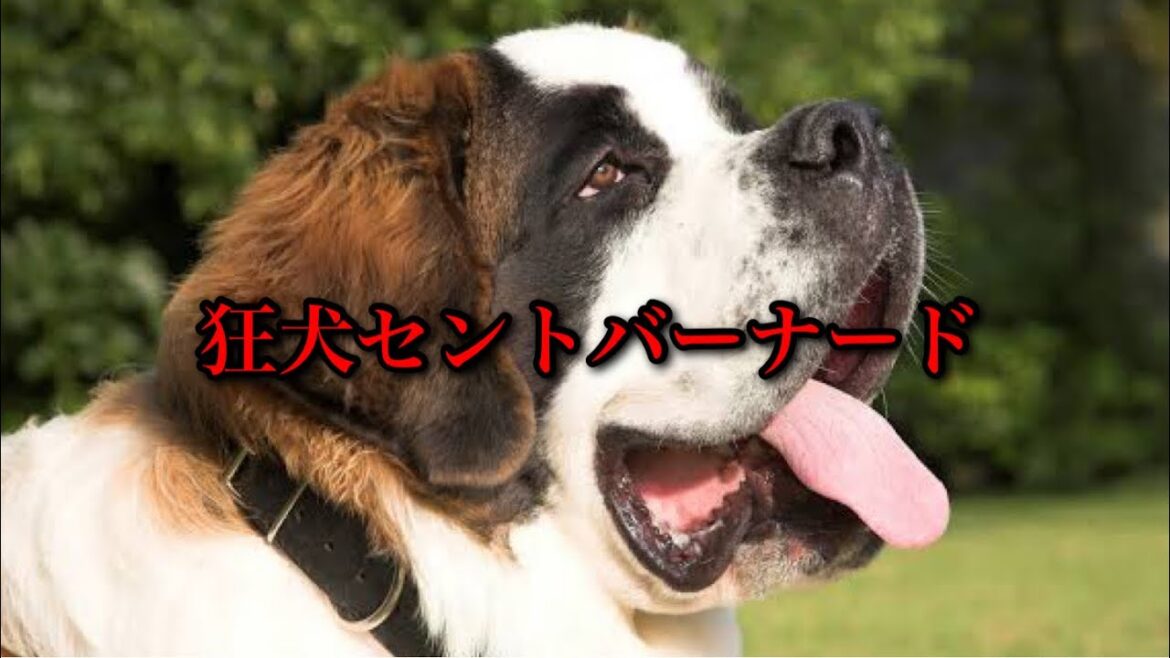 【制御不能】ドッグランで暴れ人間とチワワに大怪我を負わせた大型犬セントバーナード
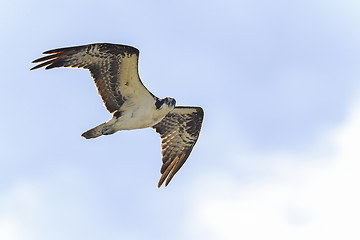 Image showing osprey, pandion haliaetus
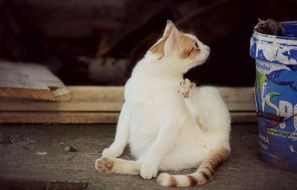 white cat looks at a gray mouse
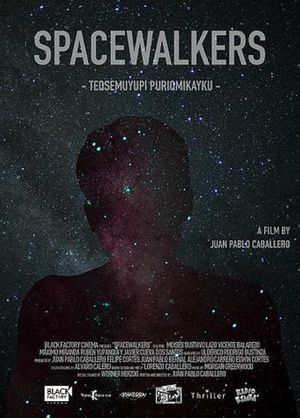 Spacewalkers's poster
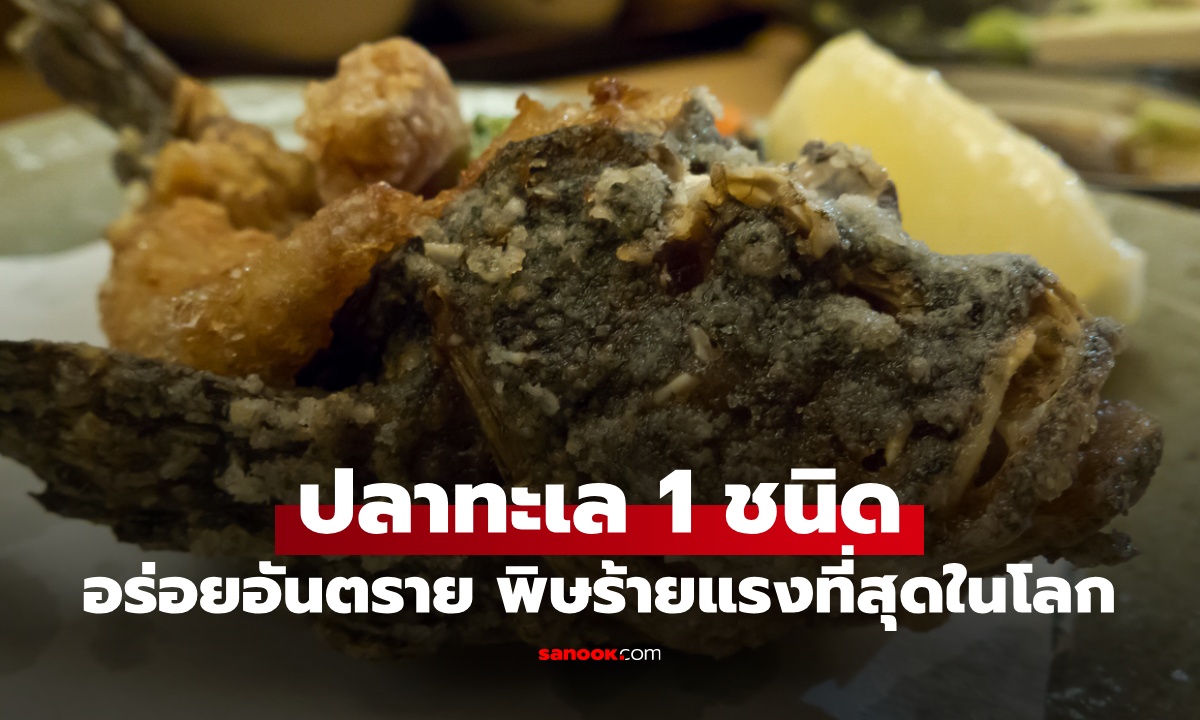 ปลาทะเล 1 ชนิด พิษร้ายแรงที่สุดในโลก อันตรายแค่ไหนก็กลายเป็นอาหารอันโอชะ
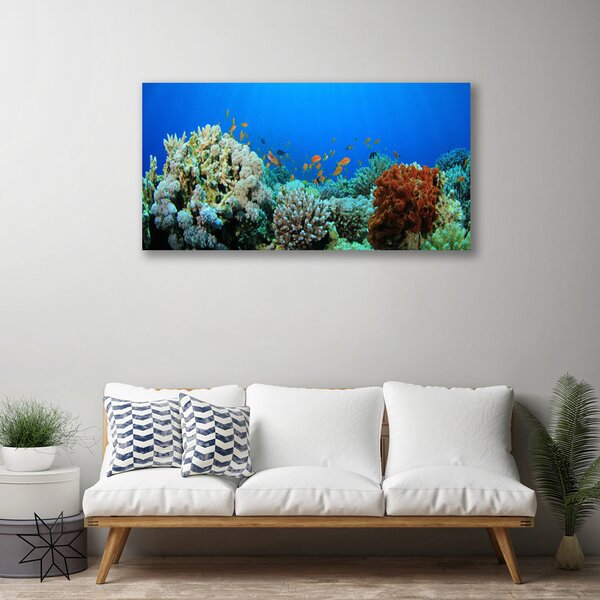 Obraz canvas Kolorowe Życie Oceanu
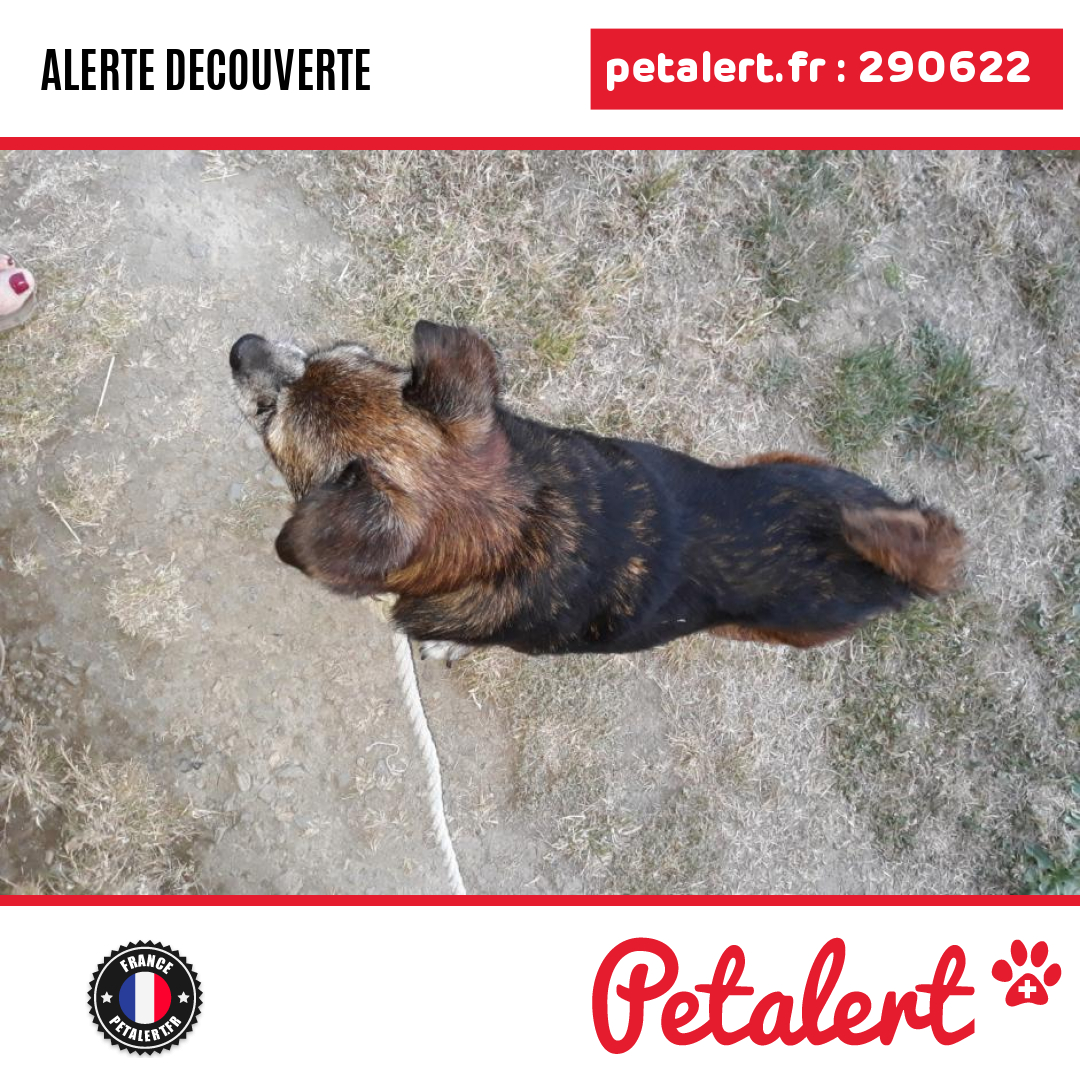 petalert_france's tweet photo. Trouvé #Chien #IlleEtVilaine #Plesder #Petalert #PetAlert35 / https://t.co/xbOpL8BEAr https://t.co/CpgK9ieLsi
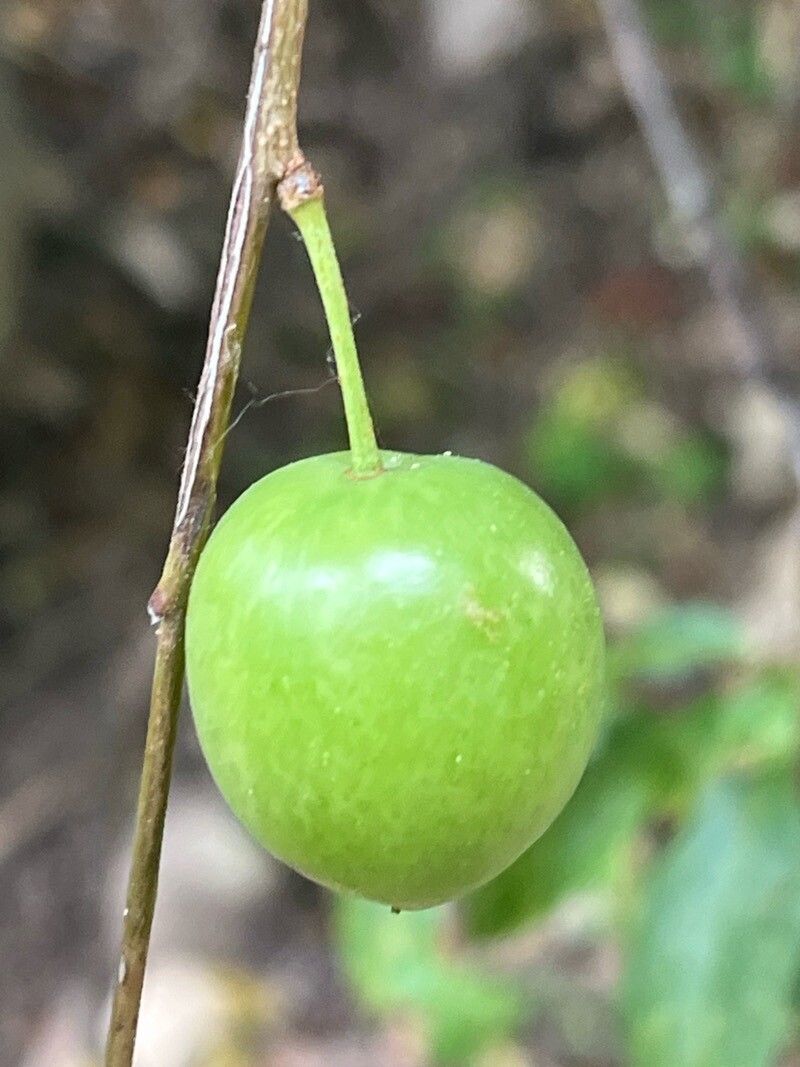 Luzuriaga polyphylla fruit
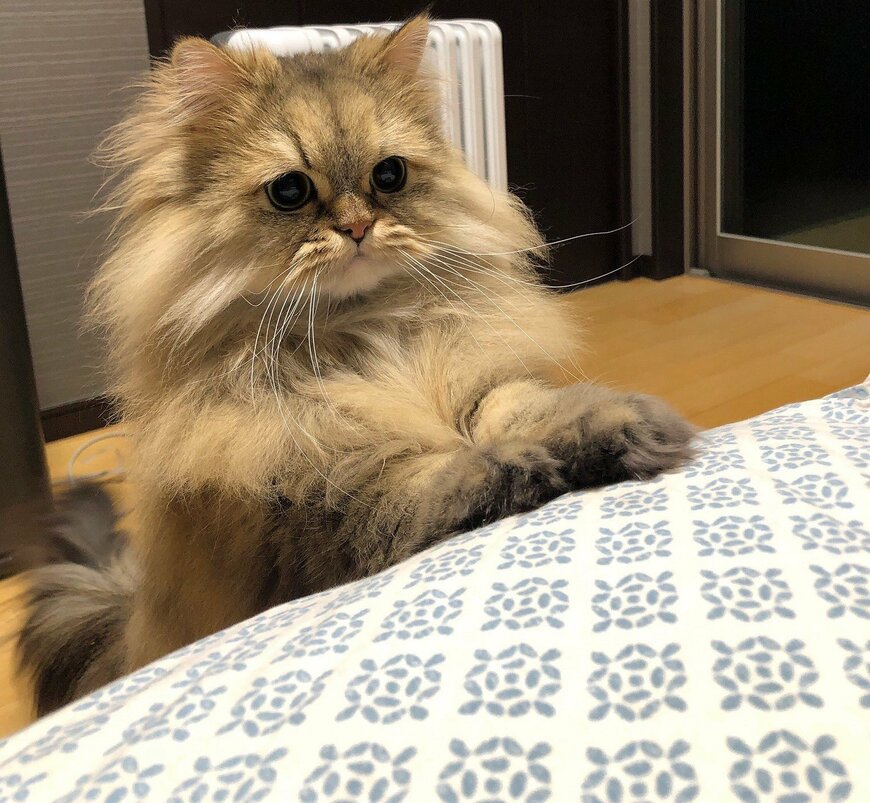 出所：@UphQepCv8J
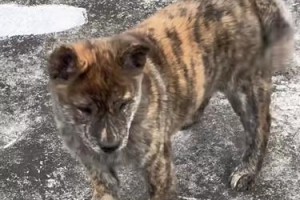 探索田园猎犬的多彩世界（了解田园猎犬丰富的毛色遗传）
☆ ☆ ☆ ☆ ☆
■ **PROBLEM REQUIREMENTS**
Copy all the records word for word and keep the pictures out.

■ **SOLVED PROBLEM**
 【制御不能】ドッグランで暴れ人間とチワワに大怪我を負わせた大型犬セントバーナード
 Image showing osprey, pandion haliaetus
 white cat looks at a gray mouse
 Spacewalkers's poster
 ปลาทะเล 1 ชนิด พิษร้ายแรงที่สุดในโลก อันตรายแค่ไหนก็กลายเป็นอาหารอันโอชะ
 Obraz canvas Kolorowe Życie Oceanu
 petalert_france's tweet photo. Trouvé #Chien #IlleEtVilaine #Plesder #Petalert #PetAlert35 / https://t.co/xbOpL8BEAr https://t.co/CpgK9ieLsi
 Luzuriaga polyphylla fruit
 出所：@UphQepCv8J
 探索田园猎犬的多彩世界（了解田园猎犬丰富的毛色遗传）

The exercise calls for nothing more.